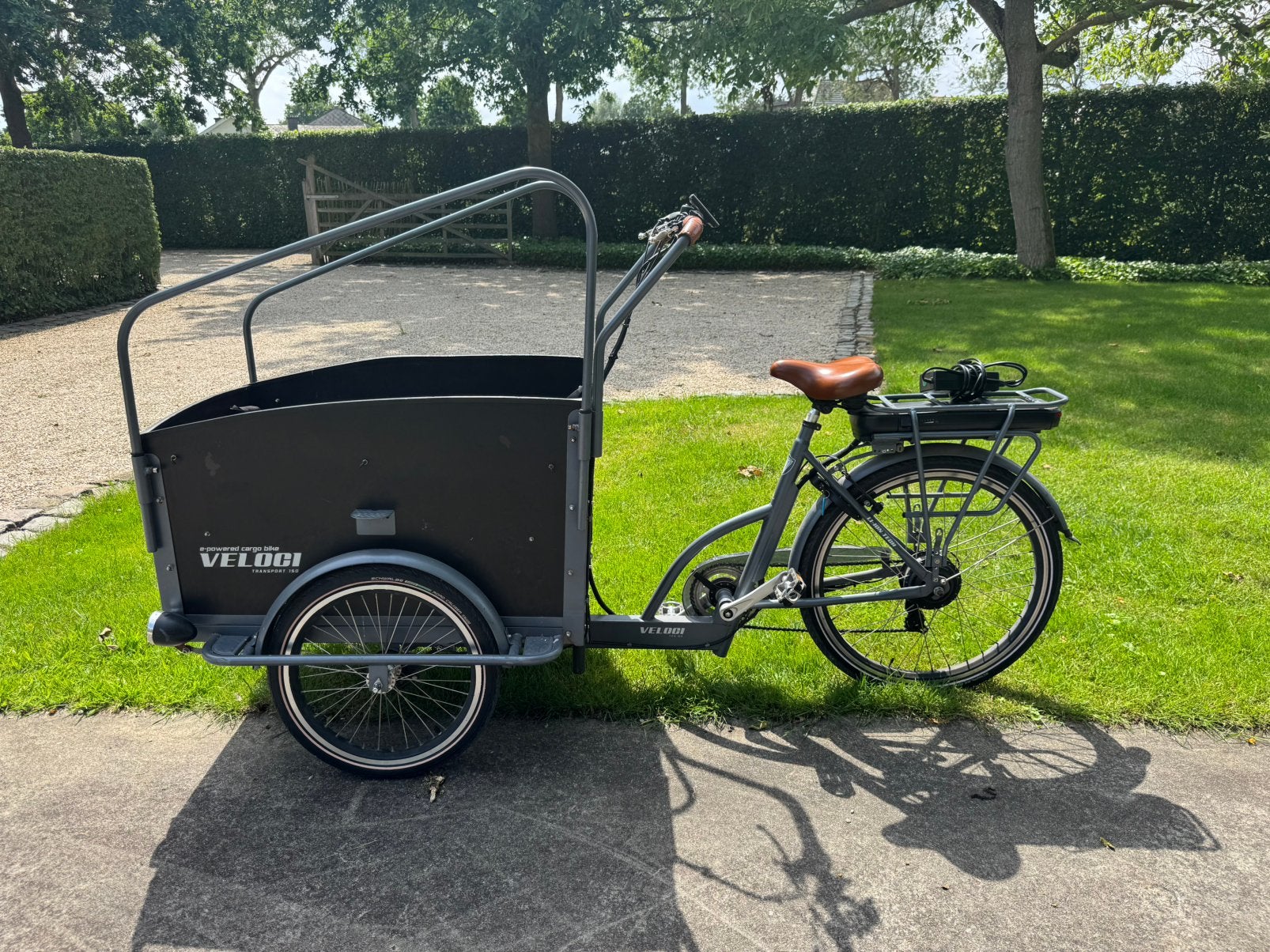 Bakfiets, 4 kinderen of meer, Gebruikt, Elektrisch, Schijfrem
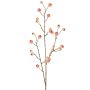 Artificial ornamental apple branch NONGIH with fruit, light pink, 35"/90cm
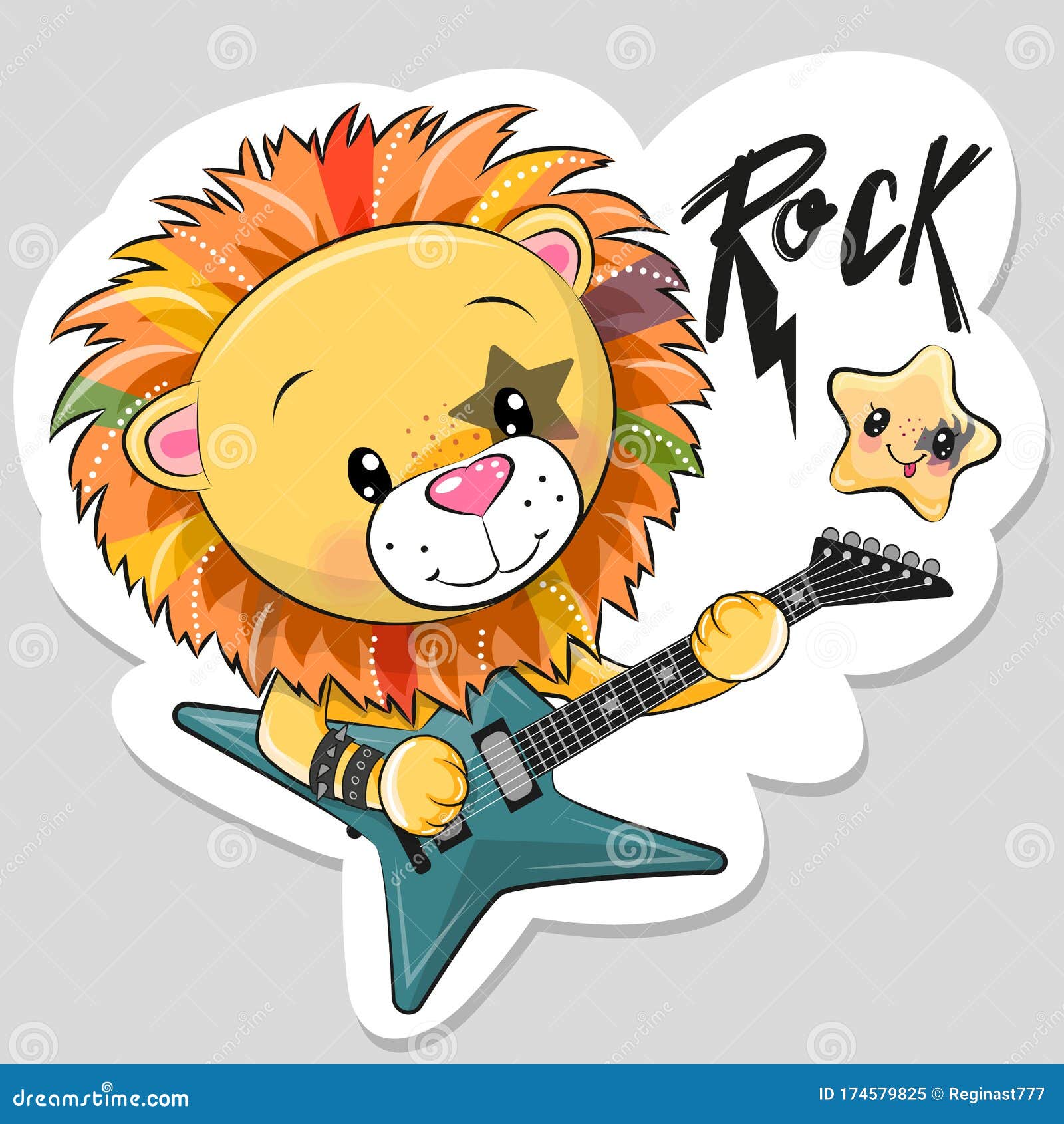 Rocky metal guitarras plectrum plateado León 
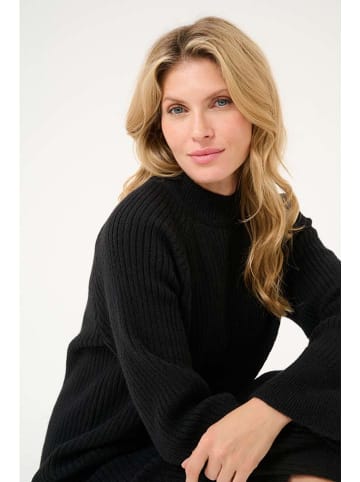 Kaffe Strickkleid in Schwarz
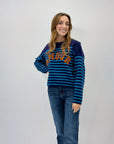 Pullover a righe scritta amour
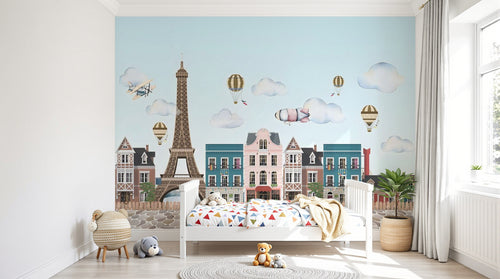 Design D0017 — Papier peint Architecture et Villes — Novomur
┄┄┄┄┄┄┄┄┄┄
TASK REQUIREMENTS |
Give again, word for word, only the lines from the line containing "Kaffe Strickkleid in Schwarz" through the last line above, both included; leave the pictures out.

COMPLETED EXERCISE |
 Kaffe Strickkleid in Schwarz
 Pullover a righe scritta amour
 Design D0017 — Papier peint Architecture et Villes — Novomur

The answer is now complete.